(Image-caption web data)
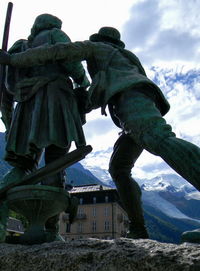 Low angle view of statue against sky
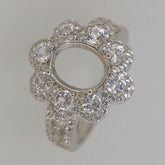 Sterling silver semi mount ring setting with oval halo floral design, perfect for custom gemstone placement.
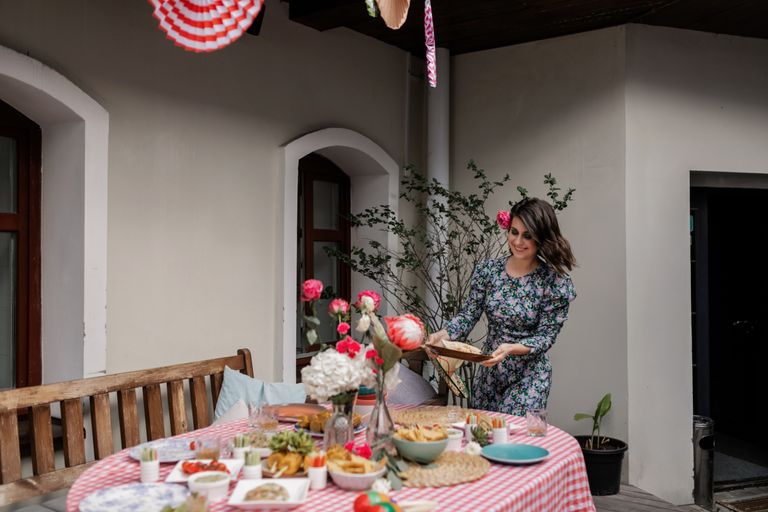 A woman prepares an outdoor table for a festive gathering with flowers and food.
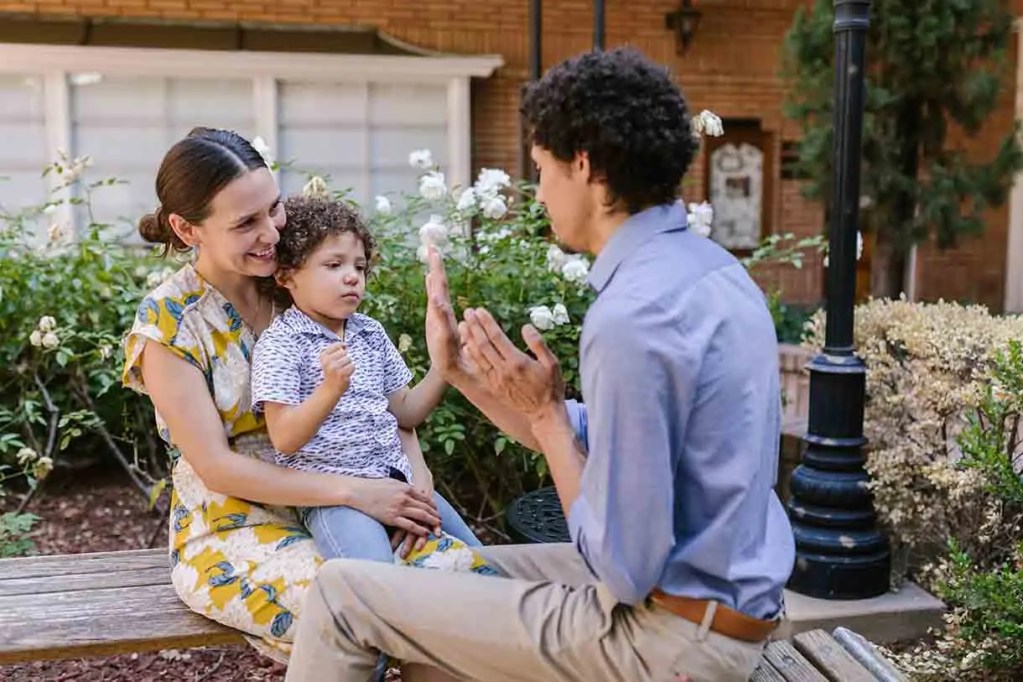 Una madre sonriente sentada en un banco con su hijo pequeño, mientras un hombre interactúa con ellos en un jardín con flores.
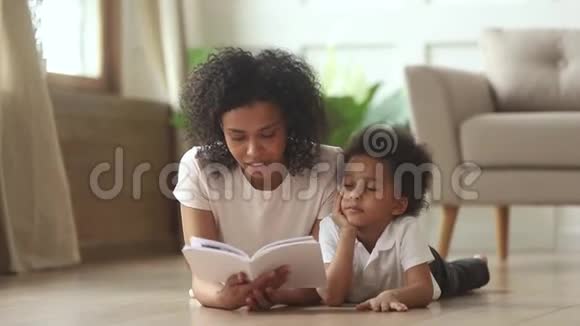 非洲儿子躺在地板上和母亲一起读童话故事视频的预览图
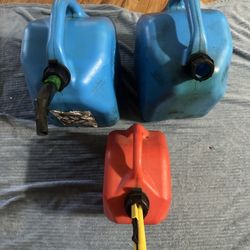 2) 10 Gallon Gas Can And 1 ) Small Gas Can 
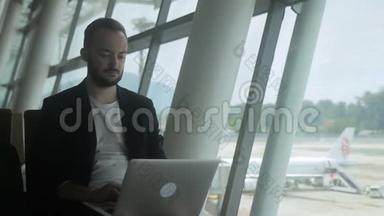 成功的商人在机场等待航班时使用笔记本电脑。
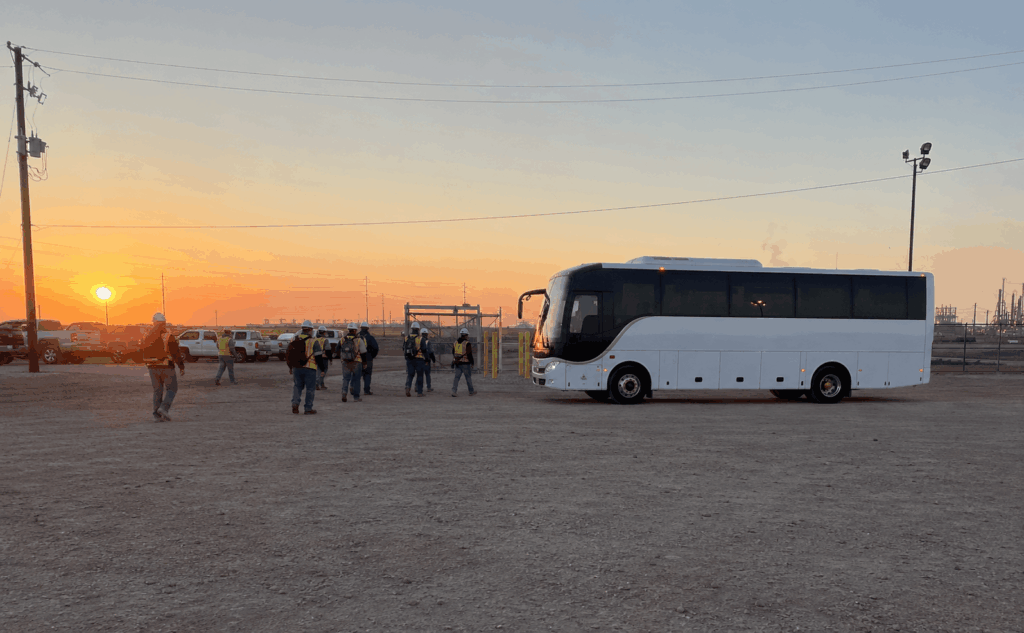 charter bus moving employees between a parking lot and a plant gate during shift change in abilene
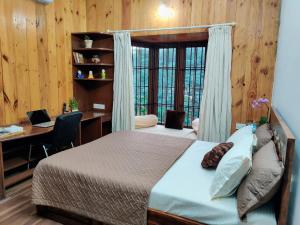a bedroom with a bed and a desk with a computer at The Rustic Manor - Homestay in Bangalore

TASK BRIEF:
Beginning with the line holding "非洲儿子躺在地板上和母亲一起读童话故事视频的预览图", copy each line exactly through the end of the records above, and leave every picture out.

RESULT OF THE EXERCISE:
 非洲儿子躺在地板上和母亲一起读童话故事视频的预览图
 2) 10 Gallon Gas Can And 1 ) Small Gas Can 
 成功的商人在机场等待航班时使用笔记本电脑。
 charter bus moving employees between a parking lot and a plant gate during shift change in abilene
a bedroom with a bed and a desk with a computer at The Rustic Manor - Homestay in Bangalore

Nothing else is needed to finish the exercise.